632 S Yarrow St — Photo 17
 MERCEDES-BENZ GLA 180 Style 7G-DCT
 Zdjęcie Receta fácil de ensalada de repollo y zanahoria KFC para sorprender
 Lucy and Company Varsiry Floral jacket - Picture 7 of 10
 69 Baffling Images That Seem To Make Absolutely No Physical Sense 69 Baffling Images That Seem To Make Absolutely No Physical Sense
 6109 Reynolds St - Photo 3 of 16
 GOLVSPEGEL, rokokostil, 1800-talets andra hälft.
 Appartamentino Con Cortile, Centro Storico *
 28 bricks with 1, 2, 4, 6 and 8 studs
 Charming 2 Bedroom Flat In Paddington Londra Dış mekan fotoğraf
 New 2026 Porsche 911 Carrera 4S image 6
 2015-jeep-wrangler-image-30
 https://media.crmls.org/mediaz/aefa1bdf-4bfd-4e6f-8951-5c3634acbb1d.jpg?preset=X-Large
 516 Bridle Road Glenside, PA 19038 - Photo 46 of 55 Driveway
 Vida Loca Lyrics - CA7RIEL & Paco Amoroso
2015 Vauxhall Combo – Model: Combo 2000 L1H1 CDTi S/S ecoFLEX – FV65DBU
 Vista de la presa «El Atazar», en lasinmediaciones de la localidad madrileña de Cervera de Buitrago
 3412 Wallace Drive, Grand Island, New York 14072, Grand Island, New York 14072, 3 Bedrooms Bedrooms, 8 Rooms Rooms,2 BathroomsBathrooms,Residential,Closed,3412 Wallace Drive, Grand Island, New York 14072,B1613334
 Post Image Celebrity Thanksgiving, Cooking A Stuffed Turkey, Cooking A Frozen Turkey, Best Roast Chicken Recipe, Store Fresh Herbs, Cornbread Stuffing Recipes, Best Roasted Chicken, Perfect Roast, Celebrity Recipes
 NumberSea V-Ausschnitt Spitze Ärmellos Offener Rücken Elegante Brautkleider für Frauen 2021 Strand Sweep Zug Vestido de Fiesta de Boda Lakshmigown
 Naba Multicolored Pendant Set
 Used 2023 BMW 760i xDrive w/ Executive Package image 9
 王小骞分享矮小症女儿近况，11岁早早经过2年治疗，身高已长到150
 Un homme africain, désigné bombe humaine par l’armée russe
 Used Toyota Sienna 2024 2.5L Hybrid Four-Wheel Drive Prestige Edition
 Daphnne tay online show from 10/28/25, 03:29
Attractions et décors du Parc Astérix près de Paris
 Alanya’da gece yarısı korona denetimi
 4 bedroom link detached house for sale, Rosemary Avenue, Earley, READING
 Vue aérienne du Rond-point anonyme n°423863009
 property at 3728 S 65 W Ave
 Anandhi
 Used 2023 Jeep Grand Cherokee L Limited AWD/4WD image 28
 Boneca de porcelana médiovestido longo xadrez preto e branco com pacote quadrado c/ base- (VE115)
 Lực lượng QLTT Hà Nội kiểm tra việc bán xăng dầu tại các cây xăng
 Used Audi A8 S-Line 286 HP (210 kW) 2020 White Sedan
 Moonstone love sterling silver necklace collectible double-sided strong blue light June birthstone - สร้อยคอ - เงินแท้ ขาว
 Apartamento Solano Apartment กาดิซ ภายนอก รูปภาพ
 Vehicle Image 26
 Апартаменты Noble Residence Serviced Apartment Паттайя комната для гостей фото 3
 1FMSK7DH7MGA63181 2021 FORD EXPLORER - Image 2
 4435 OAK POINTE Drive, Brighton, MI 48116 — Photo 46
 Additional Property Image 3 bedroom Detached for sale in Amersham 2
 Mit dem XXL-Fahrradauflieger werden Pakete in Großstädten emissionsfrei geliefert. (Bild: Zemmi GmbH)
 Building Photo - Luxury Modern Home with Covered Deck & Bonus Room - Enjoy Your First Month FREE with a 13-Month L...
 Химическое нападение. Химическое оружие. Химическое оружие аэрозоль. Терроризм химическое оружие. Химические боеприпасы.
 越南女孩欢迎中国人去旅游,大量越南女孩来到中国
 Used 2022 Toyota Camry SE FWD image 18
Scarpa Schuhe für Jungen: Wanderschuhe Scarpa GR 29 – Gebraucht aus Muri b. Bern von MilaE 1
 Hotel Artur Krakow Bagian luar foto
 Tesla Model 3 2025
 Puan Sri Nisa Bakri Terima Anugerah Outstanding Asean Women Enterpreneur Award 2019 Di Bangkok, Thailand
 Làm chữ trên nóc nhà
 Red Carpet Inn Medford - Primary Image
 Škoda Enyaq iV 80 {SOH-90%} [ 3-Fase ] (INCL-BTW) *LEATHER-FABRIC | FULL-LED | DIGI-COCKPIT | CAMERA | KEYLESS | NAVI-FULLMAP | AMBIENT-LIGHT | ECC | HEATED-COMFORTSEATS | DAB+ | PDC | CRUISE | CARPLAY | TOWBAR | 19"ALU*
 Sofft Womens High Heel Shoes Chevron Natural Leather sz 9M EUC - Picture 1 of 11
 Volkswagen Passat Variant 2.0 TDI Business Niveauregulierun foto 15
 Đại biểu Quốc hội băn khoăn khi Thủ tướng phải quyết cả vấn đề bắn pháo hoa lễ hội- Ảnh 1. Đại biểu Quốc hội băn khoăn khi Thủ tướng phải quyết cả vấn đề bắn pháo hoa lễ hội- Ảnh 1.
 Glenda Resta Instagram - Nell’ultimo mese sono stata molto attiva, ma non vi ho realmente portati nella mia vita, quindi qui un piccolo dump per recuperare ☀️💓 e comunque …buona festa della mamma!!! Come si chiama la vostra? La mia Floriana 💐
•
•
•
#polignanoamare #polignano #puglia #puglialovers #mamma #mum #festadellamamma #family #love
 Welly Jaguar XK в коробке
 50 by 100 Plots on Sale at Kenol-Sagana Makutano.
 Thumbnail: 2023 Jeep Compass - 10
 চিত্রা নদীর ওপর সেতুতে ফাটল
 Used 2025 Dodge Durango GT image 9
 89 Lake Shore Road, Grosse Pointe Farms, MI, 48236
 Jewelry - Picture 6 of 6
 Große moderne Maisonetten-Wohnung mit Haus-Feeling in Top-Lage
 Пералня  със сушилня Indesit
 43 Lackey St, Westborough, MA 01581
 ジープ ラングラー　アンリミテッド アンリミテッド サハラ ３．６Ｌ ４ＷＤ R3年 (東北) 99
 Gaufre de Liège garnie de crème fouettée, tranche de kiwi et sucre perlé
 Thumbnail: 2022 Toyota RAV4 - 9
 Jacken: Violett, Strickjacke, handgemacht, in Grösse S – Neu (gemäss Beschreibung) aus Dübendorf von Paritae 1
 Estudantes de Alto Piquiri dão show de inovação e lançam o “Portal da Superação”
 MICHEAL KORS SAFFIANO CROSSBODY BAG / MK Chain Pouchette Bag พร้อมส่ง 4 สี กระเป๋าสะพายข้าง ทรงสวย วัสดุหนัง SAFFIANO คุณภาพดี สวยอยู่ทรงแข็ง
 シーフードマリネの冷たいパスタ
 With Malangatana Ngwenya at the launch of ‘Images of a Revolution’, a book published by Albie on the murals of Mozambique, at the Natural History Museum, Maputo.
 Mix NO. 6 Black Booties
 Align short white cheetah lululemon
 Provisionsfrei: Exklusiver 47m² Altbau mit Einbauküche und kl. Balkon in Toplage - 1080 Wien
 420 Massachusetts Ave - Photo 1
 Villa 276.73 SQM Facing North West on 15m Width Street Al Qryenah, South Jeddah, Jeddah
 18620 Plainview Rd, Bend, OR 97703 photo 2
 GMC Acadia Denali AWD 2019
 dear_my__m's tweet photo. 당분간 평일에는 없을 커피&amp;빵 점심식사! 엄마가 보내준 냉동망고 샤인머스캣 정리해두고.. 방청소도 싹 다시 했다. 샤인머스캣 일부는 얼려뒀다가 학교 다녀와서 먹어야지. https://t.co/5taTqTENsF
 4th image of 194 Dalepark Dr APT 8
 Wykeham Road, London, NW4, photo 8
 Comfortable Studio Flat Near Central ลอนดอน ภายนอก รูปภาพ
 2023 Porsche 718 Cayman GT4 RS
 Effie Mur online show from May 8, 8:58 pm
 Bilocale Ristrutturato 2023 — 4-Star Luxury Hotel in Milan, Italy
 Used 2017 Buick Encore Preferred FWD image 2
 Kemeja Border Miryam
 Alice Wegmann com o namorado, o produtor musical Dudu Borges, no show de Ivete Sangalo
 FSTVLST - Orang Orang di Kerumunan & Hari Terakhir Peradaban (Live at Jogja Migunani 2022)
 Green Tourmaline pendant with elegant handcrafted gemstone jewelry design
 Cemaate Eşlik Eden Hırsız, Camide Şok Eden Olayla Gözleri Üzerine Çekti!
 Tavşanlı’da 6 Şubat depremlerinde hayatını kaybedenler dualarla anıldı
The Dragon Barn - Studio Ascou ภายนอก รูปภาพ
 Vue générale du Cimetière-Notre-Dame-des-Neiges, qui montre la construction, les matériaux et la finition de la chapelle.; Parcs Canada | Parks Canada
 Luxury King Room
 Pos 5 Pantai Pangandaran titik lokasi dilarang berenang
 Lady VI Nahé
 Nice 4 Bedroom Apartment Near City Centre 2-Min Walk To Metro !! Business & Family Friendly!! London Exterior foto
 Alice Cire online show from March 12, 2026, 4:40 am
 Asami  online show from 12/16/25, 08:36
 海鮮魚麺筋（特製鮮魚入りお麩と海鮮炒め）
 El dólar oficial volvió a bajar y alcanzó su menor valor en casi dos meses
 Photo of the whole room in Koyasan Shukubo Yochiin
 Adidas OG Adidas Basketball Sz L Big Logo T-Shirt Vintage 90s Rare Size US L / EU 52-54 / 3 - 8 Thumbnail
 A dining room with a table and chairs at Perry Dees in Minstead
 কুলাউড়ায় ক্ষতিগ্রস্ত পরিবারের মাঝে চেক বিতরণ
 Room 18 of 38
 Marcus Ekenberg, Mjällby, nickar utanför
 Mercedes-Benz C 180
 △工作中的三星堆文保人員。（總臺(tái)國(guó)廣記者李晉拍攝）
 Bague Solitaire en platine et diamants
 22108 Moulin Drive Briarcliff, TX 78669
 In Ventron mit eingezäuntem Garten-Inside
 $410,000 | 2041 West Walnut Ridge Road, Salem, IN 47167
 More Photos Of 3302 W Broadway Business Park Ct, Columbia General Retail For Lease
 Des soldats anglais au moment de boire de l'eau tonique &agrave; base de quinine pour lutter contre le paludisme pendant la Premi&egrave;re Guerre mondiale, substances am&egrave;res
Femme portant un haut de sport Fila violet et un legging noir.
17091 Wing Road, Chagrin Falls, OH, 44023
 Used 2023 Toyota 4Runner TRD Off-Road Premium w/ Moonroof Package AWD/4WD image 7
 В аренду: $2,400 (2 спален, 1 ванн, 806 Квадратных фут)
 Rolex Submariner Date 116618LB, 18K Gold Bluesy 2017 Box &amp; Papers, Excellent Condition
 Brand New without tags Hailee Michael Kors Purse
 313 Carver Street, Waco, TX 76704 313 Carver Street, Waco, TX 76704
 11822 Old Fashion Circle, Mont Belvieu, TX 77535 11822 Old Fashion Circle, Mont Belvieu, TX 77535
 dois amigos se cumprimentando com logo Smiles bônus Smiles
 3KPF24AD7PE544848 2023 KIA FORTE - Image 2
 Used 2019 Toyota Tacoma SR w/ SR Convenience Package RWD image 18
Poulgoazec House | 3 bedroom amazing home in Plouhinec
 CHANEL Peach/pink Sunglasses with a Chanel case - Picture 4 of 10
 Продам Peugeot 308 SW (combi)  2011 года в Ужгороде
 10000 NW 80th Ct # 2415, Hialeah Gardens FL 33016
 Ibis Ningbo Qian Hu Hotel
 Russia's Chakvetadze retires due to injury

====

> Description of the task:
Write out exactly the lines that fall from the line with "Tavşanlı’da 6 Şubat" to the line with "Luxury King Room" in the records above, keeping both ends.

> Answer for this exercise:
 Tavşanlı’da 6 Şubat depremlerinde hayatını kaybedenler dualarla anıldı
The Dragon Barn - Studio Ascou ภายนอก รูปภาพ
 Vue générale du Cimetière-Notre-Dame-des-Neiges, qui montre la construction, les matériaux et la finition de la chapelle.; Parcs Canada | Parks Canada
 Luxury King Room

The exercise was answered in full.